§ **Work request**: Write out exactly every line from the one containing "A test ride" through the final line of the material below, both included. Pictures are to be skipped.

§ **Dataset content**:
——————

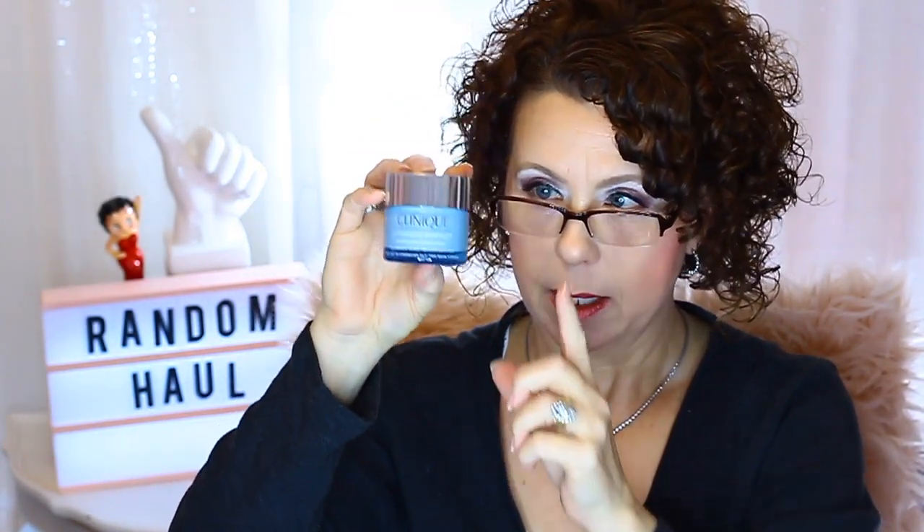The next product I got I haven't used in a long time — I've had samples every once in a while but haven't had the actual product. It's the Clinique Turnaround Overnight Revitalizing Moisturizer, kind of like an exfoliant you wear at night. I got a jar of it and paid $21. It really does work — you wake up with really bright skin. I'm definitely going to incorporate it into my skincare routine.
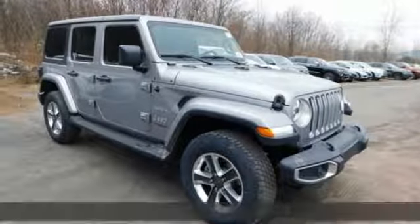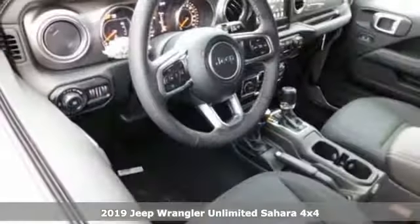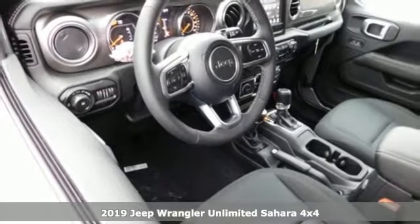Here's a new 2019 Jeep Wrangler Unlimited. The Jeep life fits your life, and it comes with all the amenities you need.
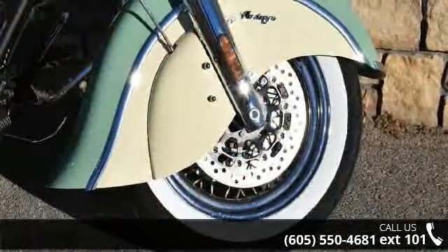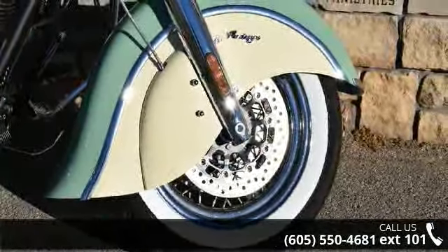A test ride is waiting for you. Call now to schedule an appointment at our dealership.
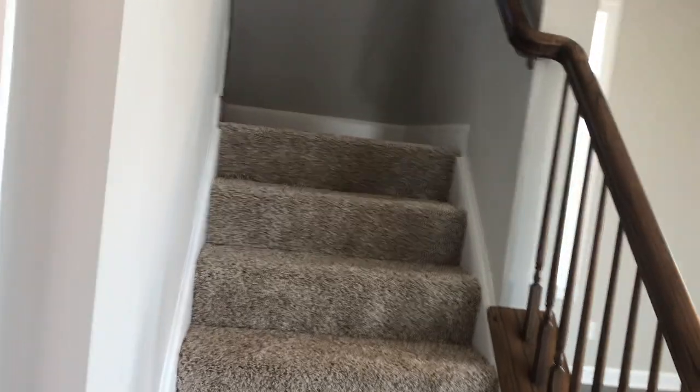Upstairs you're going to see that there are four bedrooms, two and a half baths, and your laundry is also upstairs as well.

——————

§ **Final answer**:
A test ride is waiting for you. Call now to schedule an appointment at our dealership.
Upstairs you're going to see that there are four bedrooms, two and a half baths, and your laundry is also upstairs as well.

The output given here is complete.